Paim: direitos dos trabalhadores correm risco no Congresso

O presidente da Comissão de Direitos Humanos e Legislação Participativa (CDH), senador Paulo Paim (PT-RS), quer maior envolvimento das centrais sindicais na nova campanha por aumento do valor das aposentadorias. Paim disse que as centrais devem considerar que os trabalhadores da ativa também correm o risco de passar a ter suas aposentadorias desvalorizadas até ser corresponderem apenas ao salário mínimo.
– Podem escrever que é verdade. Por isso, é fundamental o apoio dos trabalhadores da ativa.

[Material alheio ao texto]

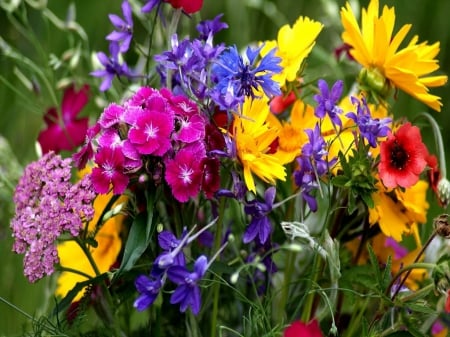 Summer flowers - flowers, colorful, nature, summer, different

Teremos que fazer vigília para que o Orçamento [de 2012] seja contemplado com recursos para a valorização dos benefícios dos aposentados – justificou.

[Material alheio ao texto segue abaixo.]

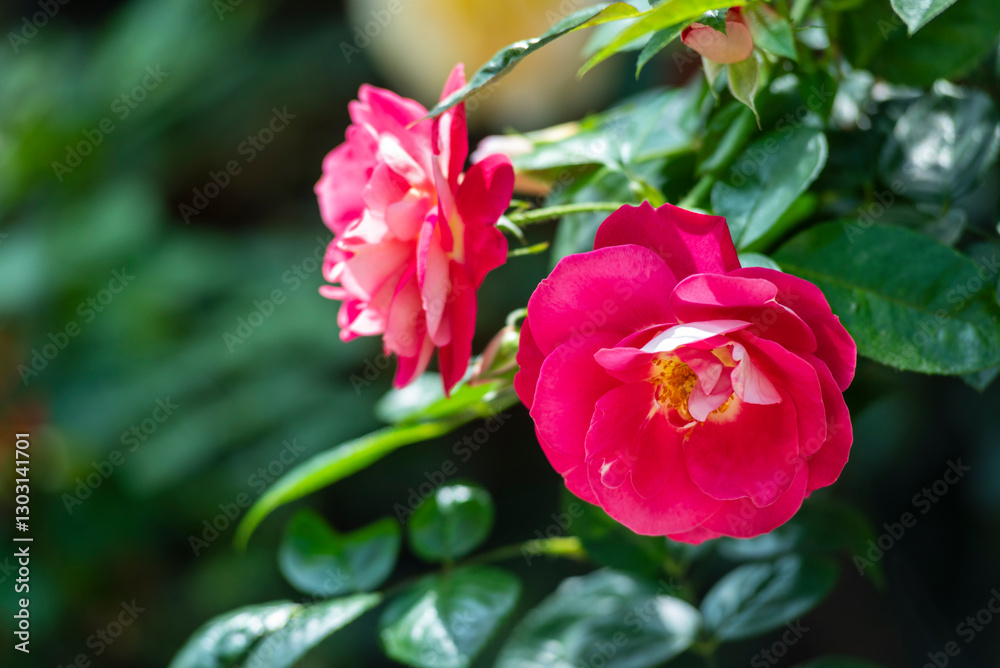 Beautiful flower of Camellia Japonica in the tropical garden. Beautiful flower of Camellia Japonica in the tropical garden.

O apelo foi feito durante audiência pública realizada pela Comissão de Direitos Humanos e Legislação Participativa (CDH), na segunda-feira, 22 de agosto. Paim, que preside a CDH, foi o autor do requerimento para debate que focalizou a relação entre a Consolidação das Leis Trabalhistas (CLT) e os Direitos Humanos. Na mesma linha dos discursos dos sindicalistas que participaram do evento, Paim considerou que os trabalhadores estão sendo cada vez ameaçados por projetos de lei que reduzem direitos.
– Não tenho dúvida de os trabalhadores estão em risco no Congresso. Além de não avançarmos, pode também haver retrocessos – avaliou.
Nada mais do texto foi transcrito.